Quality Runner writes versioned JSON and Markdown artifacts. See
[Artifact Contract](docs/artifacts.md) for the current v1 artifact set and
field-level guarantees.

## Standards Profiles

The built-in profile is `default`. Repos can also save custom profiles in
`.quality-runner.toml`:

```bash
quality-runner init /path/to/repo --json
```

```toml
[quality_runner]
default_profile = "team"

[quality_runner.profiles.team]
extends = "default"
required_capabilities = ["lint", "typecheck", "tests", "dead_code"]
allowed_package_managers = ["pnpm", "bun"]
```

After saving the config, the custom profile is selected automatically by
`default_profile`, or explicitly with:

```bash
quality-runner run /path/to/repo --profile team --json
```

See [Standards Profiles](docs/standards-profiles.md) for the full profile and
repo-policy reference.

## Scan Exclusions

Discovery skips fixture corpora, docs, vendored trees, generated corpora, and
tool output directories by default so embedded samples are not reported as
product workspaces. Add repo-specific exclusions in `.quality-runner.toml`:

```toml
[quality_runner]
scan_exclusions = ["samples", "generated-reports/**"]
```

## v1 Safety Boundary

Quality Runner v1 may create or update files under `.quality-runner/runs/<run-id>/`
in the target repository.

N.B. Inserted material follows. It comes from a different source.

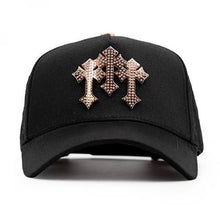 Barbas Hats B Chrome vista 1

It must not edit source files, install dependencies,
create commits, call remote services, or execute remediation.

Every generated remediation slice includes verification guidance, but a separate
coding agent must receive user approval before implementation.

## Development

Run the full local ladder:

```bash
python3.14 -m pytest -q
ruff check .
ruff format --check .
basedpyright
vulture . --min-confidence 70
uv run --with pytest pytest -q
python3.14 scripts/run_pytest_with_lcov.py
pre-cr run --workspace . --json  # changed-line readiness; expects changed files
```

See [Troubleshooting](docs/troubleshooting.md) for common install and runtime
issues.

See [Release Checklist](docs/release.md) for PyPI and Homebrew packaging notes.